Cost Controls: Budget Enforcement with Circuit Breaker
Cloud API costs are tracked per-request and enforced per-month:
- Multi-tier alerting: Alerts at 50%, 80%, and 95% of monthly budget
- Circuit breaker at 95%: Cloud routing is disabled. All requests fall back to MedGemma with a user-visible confidence indicator showing "low" confidence
- Degraded mode: When budget is exhausted, Abby prepends: "Note: This response was generated locally due to usage limits. For a more thorough analysis, try again later."
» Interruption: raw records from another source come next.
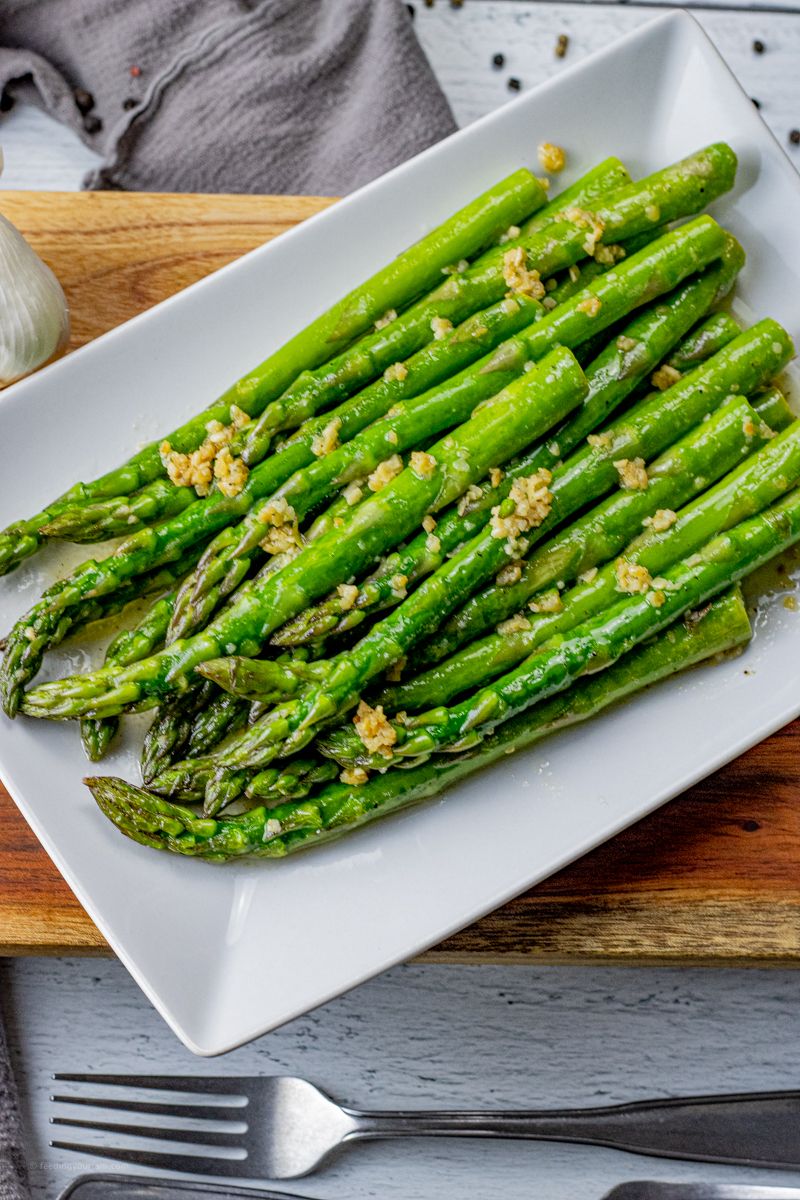Garlic Butter Asparagus is a simple and delicious vegetable side dish. Asparagus is cooked with butter and garlic right on the stovetop to create this flavorful recipe. When asparagus is combined with garlic and butter, it is taken to a whole new level and the best part is, this only takes a few minutes to make.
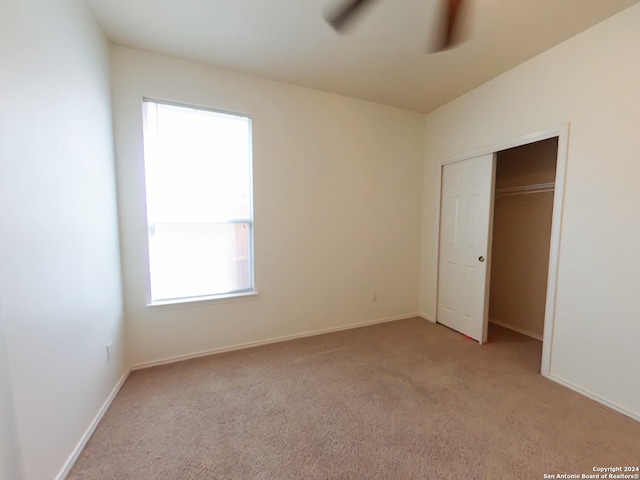 unfurnished bedroom with a closet, ceiling fan, and light colored carpet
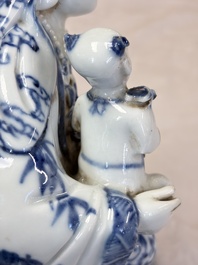 A Chinese blue and white 'Guanyin and child' group, Qianlong
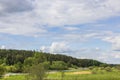 Beautiful panoramic view of forest trees on mountain and river flowing along fields on backdrop of blue sky with white clouds. Royalty Free Stock Photo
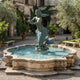 Monumental Classical Mermaid and Child Bronze Sculpture by Giant Sculptures in verdigris patina, holding an infant aloft above a tiered stone fountain basin.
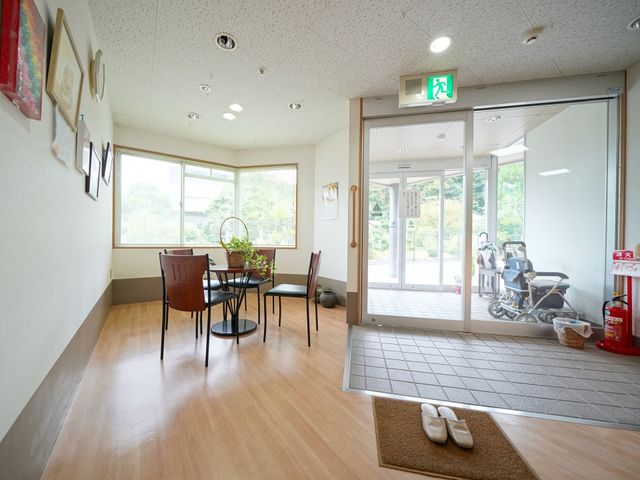 明るい中庭への出入口 玄関 ゆったりとしたエントランスには、天井からの自然光が差し込み、外への出入りも心地よい環境です。過ごしやすい空間で、訪問者の方々をお迎えいたします。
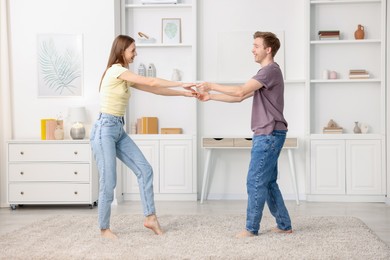 Photo of Happy young couple dancing together at home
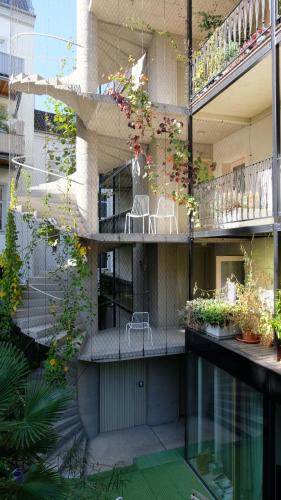 a building with a balcony with chairs and plants at HÜBSCHES APARTMENT im Herzen von Linz in Linz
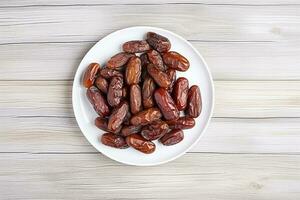 AI generated pitted dates isolated on white background, top view photo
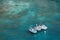 Three inflatable motor boats stand in the bay near the shore on a warm summer day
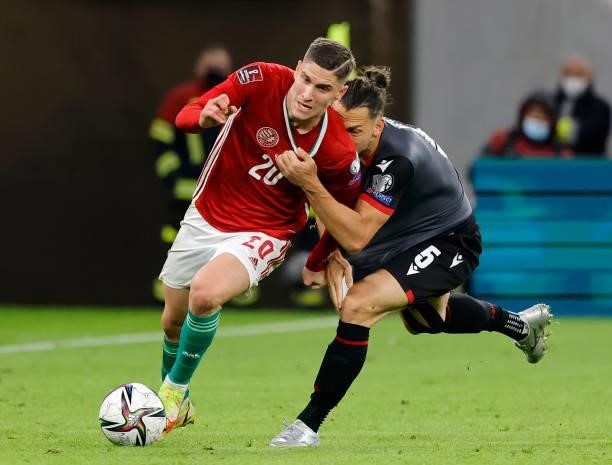 Frederic Veseli of Albania fouls Roland Sallai of Hungary during the FIFA World Cup 2022 Qatar Qualifier match between Hungary and Albania at Puskas...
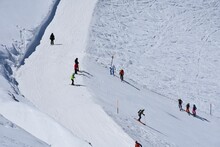 Group Of Skiers On The Mountain Slope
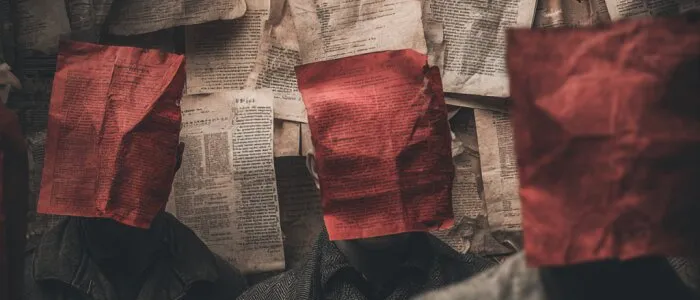 Three people in dark coats with crumpled red paper over their faces, before a wall of pinned newspaper pages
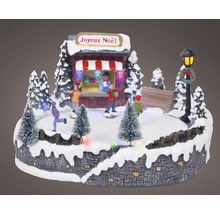 Dekoratívna vianočná scéna s korčuliarmi, predajným stánkom a osvetlením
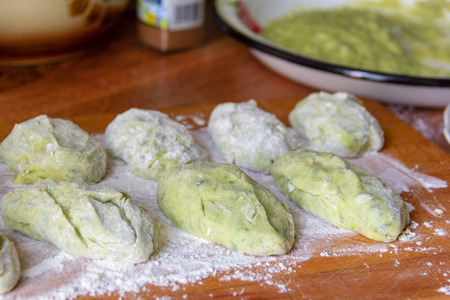green cutlets-a spinach dish with potatoes, eggs and flour, in the process of cooking on the tableの写真素材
- Per-user tracking: Every cloud call records the user and department for cost attribution
Confidence & Attribution
Every response now carries:
- Confidence indicator:
high(Claude + context available),medium(MedGemma + context),low(degraded mode / budget exhausted) - Routing metadata: Which model answered, why it was routed there, which stage decided
- Source attribution: Context pieces are tagged with tier and source for traceability
What Shipped
| Component | Tests | Purpose |
|---|---|---|
RuleRouter | 14 | Two-stage routing with deterministic rules + bootstrap scoring |
ClaudeClient | 5 | Anthropic SDK wrapper with cost estimation |
PHISanitizer | 15 | Regex + spaCy NER detection with clinical context guard |
CloudSafetyFilter | 7 | Allowlist-based content protection |
CostTracker | 6 | Budget enforcement with circuit breaker |
| Context Assembler (Claude profile) | 9 | 28K token budget for Claude's 128K context window |
| Pipeline Integration | — | Hybrid routing wired into chat endpoint |
| Integration Tests | 6 | End-to-end routing, safety, and budget verification |
169 tests passing across the Python AI service.
What's Next: Phase 3 — Semantic Knowledge Graph
Phase 2 gave Abby a bigger brain. Phase 3 gives her deeper understanding.
Abby will gain a structured understanding of OMOP concept relationships — not just keyword matching, but true inference. She'll know that metformin is a drug for Type 2 diabetes mellitus, which is a subtype of diabetes mellitus. She'll know which domains have sparse data in your CDM and warn you before you build a cohort on a foundation of missing records.
Materialized views over the existing concept_relationship and concept_ancestor tables, a Redis cache for hot paths, and a KnowledgeGraphService with hierarchy traversal — no separate graph database needed.